- _Task input_
- Opening Delimiter -

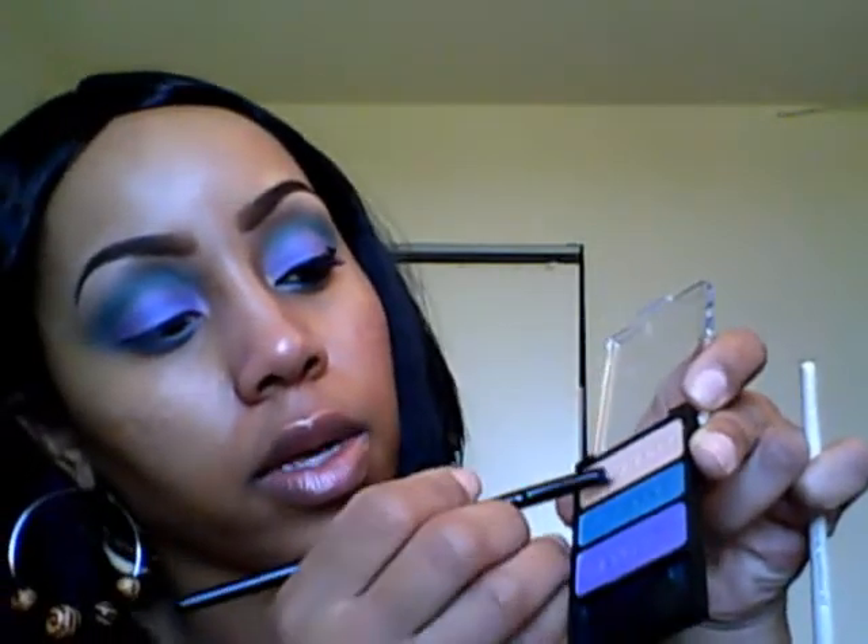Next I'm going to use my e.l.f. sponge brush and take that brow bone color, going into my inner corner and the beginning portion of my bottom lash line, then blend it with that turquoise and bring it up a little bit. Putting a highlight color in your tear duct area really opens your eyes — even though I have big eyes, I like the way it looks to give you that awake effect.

- Closing Delimiter -
- Opening Delimiter -

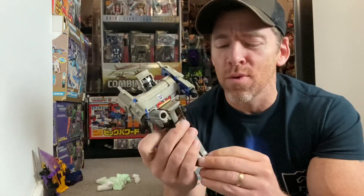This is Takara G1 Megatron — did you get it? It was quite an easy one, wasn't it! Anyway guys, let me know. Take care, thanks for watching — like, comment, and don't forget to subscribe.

- Closing Delimiter -
- Opening Delimiter -

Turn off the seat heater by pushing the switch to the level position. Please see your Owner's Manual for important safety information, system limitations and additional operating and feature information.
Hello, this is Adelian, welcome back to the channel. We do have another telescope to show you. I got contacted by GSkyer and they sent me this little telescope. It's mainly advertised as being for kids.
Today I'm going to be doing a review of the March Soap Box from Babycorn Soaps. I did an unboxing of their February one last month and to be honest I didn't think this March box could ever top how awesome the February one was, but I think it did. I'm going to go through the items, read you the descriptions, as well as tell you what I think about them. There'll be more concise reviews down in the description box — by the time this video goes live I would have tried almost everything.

- Closing Delimiter -

- _Work task_
Above are the records; from them, give again exactly the lines from the one containing "Hello, this is" through the one containing "Today I'm going", both included.

- _Written reply_
Hello, this is Adelian, welcome back to the channel. We do have another telescope to show you. I got contacted by GSkyer and they sent me this little telescope. It's mainly advertised as being for kids.
Today I'm going to be doing a review of the March Soap Box from Babycorn Soaps. I did an unboxing of their February one last month and to be honest I didn't think this March box could ever top how awesome the February one was, but I think it did. I'm going to go through the items, read you the descriptions, as well as tell you what I think about them. There'll be more concise reviews down in the description box — by the time this video goes live I would have tried almost everything.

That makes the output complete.